You could very well receive a call in the near future from a loved one who is in urgent need of help, asking you to send them some money quickly. And you might be convinced it’s them because, well, you know their voice.

Artificial intelligence is changing that. New generative AI tools can create all kinds of output from simple text prompts, including trials written in the style of a particular author, the images worthy of art awardand – with just a snippet of someone’s voice to work with – speech that sounds convincingly like a specific person.

In January, Microsoft researchers demonstrated a text-to-speech AI tool that, when given just a three-second audio sample, can closely simulate a person’s voice. They didn’t share the code for others to play with; instead, they warned that the tool, called VALL-E, “could carry potential risks if misused…such as voice impersonation or impersonation of a specific speaker”.

But similar technology is already in the wild and crooks are taking advantage of it. If they can find 30 seconds of your voice somewhere online, chances are they can clone it and make it say anything.

“Two years ago, even a year ago, it took a lot of audio to clone a person’s voice. Now… if you have a Facebook page…or if you recorded a TikTok and your voice is there for 30 seconds, people can clone your voice,” said Hany Farid, professor of digital forensics at the University of California, Berkeley, at the Washington Post.

“The Money’s Gone”

THE Job reported this weekend on peril, describing how a Canadian family fell victim to scammers using AI voice cloning and lost thousands of dollars. A ‘lawyer’ told the elderly parents that their son had killed a US diplomat in a car accident, was in jail and needed money for legal fees.

The alleged lawyer then allegedly handed the phone over to the son, who allegedly told the parents he loved and appreciated them and needed the money. The cloned voice was “close enough that my parents actually believed they spoke to me,” the son, Benjamin Perkin, told the Job.
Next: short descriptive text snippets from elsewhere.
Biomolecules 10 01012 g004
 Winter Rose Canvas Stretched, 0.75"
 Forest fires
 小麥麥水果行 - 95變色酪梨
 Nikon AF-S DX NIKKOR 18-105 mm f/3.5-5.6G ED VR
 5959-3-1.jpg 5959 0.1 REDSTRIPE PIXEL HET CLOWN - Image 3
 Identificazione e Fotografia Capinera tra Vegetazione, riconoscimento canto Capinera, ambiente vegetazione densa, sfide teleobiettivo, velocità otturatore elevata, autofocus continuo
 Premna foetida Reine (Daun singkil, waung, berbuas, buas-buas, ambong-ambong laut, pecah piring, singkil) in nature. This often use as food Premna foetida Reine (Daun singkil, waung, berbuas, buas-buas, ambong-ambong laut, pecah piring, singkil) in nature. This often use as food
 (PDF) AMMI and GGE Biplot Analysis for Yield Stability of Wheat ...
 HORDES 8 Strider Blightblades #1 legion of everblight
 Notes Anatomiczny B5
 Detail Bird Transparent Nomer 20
The parents sent over $15,000 through a bitcoin terminal to… well, crooks, not their son, as they thought.

“The money is gone,” Perkin told the newspaper. “There is no insurance. There’s no way to get it back. Let’s go.”

A company that offers a generative AI voice tool, ElevenLabs, tweeted on January 30 that he was seeing “an increasing number of cases of voice cloning misuse”. The next day he announcement the voice cloning capability would no longer be available to users of the free version of its tool, VoiceLab.

Fortune contacted the company for comment, but did not receive an immediate response.

“Almost all of the malicious content was generated by free, anonymous accounts,” he added. writing. “Additional ID verification is required. For this reason, VoiceLab will only be available on paid tiers. (Subscriptions start at $5 per month.)

Card verification won’t stop all bad actors, he acknowledged, but it would make users less anonymous and “force them to think twice”.